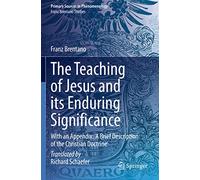 The Teaching of Jesus and its Enduring Significance: With an Appendix: 'A Brief Description of the Christian Doctrine' (Franz Brentano Studies)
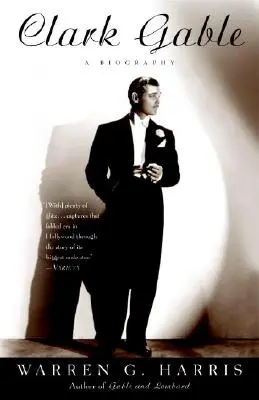 Clark Gable: Gable: Életrajz - Clark Gable: A Biography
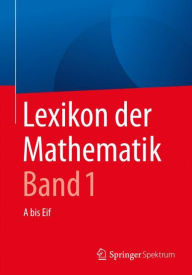 Lexikon der Mathematik: Band 1: A bis Eif Guido Walz Editor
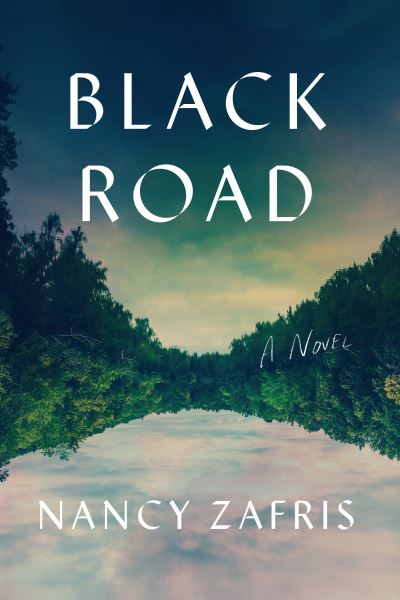 Cover for Nancy Zafris · Black Road (Book) (2023)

» **To do**
The whole listing above, minus its pictures, is what you should write out word for word.

» **Written response**
 The Teaching of Jesus and its Enduring Significance: With an Appendix: 'A Brief Description of the Christian Doctrine' (Franz Brentano Studies)
 Clark Gable: Gable: Életrajz - Clark Gable: A Biography
 Lexikon der Mathematik: Band 1: A bis Eif Guido Walz Editor
 Cover for Nancy Zafris · Black Road (Book) (2023)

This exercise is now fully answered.